Three shapes you’ll actually see in --doctor output.

The site’s known-present user account was deleted upstream. The doctor probes it, the site says NotFound, and the half fails:

✗ Unhealthy: about.me
known_present "blue" → NotFound
(rule: status_found [200])
nonsense "xkqmwt-2026" → NotFound (OK)
→ suggestion: run `--doctor --suggest-known-present --only about.me`
to discover a live candidate

Remedy: run --doctor --suggest-known-present to probe the candidate pool (the site’s brand name plus torvalds / octocat / admin / …); paste the printed OVERRIDES block into your local config.

A site whose detection rule fires Found for every username — the nonsense user gets a Found verdict it shouldn’t:

✗ Unhealthy: forum.example.com
known_present "torvalds" → Found (OK)
nonsense "xkqmwt-2026" → Found
(rule: status_found [200])
→ signal too broad: the same status fires for both halves;
run with --fix to diff the present and absent responses

Remedy: adler --doctor --fix --only forum.example.com diffs the two responses and proposes a tighter signal (e.g. a body marker that’s present for real users but absent on the 404 path the site disguises as 200).

Both halves come back Uncertain because neither user gets a working response from a banned IP:

~ Inconclusive: instagram.com
known_present "instagram" → Uncertain(cloudflare_challenge)
nonsense "xkqmwt-2026" → Uncertain(cloudflare_challenge)
→ tagged `bot-protected`; doctor needs --browser-backend to verify.
Re-run with `--doctor --browser-backend local --only instagram`.

Remedy: as the message says. Doctor’s --browser-backend flag routes the bot-protected subset through real Chrome so the diff sees real profile pages rather than two identical Cloudflare interstitials.

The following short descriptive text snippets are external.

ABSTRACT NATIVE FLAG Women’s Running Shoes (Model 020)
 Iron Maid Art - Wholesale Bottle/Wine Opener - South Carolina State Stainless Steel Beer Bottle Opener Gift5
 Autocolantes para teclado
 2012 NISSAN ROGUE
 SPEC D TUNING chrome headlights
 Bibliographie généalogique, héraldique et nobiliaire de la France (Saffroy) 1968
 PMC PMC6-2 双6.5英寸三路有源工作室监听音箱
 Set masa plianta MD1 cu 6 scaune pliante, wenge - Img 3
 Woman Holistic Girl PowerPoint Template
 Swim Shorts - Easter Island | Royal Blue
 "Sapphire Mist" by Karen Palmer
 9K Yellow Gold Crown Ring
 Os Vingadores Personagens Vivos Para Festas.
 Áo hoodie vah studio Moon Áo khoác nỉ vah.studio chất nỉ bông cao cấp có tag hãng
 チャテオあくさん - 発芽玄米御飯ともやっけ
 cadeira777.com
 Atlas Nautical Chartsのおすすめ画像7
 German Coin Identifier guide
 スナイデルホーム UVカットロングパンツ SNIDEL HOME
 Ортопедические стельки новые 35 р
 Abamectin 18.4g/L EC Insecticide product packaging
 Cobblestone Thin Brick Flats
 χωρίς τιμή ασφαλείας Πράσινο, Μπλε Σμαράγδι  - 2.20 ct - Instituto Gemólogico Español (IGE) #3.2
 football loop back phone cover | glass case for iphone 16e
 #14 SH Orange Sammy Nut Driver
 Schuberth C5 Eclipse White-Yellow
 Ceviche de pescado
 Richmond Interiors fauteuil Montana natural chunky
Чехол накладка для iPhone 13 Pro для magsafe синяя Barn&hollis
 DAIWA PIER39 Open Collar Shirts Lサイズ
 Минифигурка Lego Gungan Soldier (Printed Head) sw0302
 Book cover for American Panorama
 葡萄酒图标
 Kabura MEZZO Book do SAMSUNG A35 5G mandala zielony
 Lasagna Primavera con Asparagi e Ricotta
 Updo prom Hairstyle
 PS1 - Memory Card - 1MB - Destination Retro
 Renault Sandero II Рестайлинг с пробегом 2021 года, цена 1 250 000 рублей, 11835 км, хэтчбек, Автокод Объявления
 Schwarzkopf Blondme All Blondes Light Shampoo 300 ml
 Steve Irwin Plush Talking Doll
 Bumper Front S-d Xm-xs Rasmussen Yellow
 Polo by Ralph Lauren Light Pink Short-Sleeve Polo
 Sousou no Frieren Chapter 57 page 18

A scan is network-bound: the engine itself is negligible. The executor::run benchmark (cargo bench -p adler-core) fans out 50 probes against a local mock server in ~1.6 ms total — roughly 32 µs per site of framework overhead (~30K sites / s), while a real HTTP request takes 100–1000 ms. So wall-clock time is set almost entirely by how many requests are in flight.

The lever that matters is therefore concurrency, not micro-optimisation:

  • --concurrency (default 32) bounds in-flight probes. Most sites are distinct hosts, so the per-host throttle rarely serialises; raising it (e.g. --concurrency 64) shortens large scans, with diminishing returns past your network’s limits.
  • The result cache (~/.cache/adler/) skips re-probing unchanged sites between runs entirely.
  • --max-rps trades throughput for politeness when you need a global cap.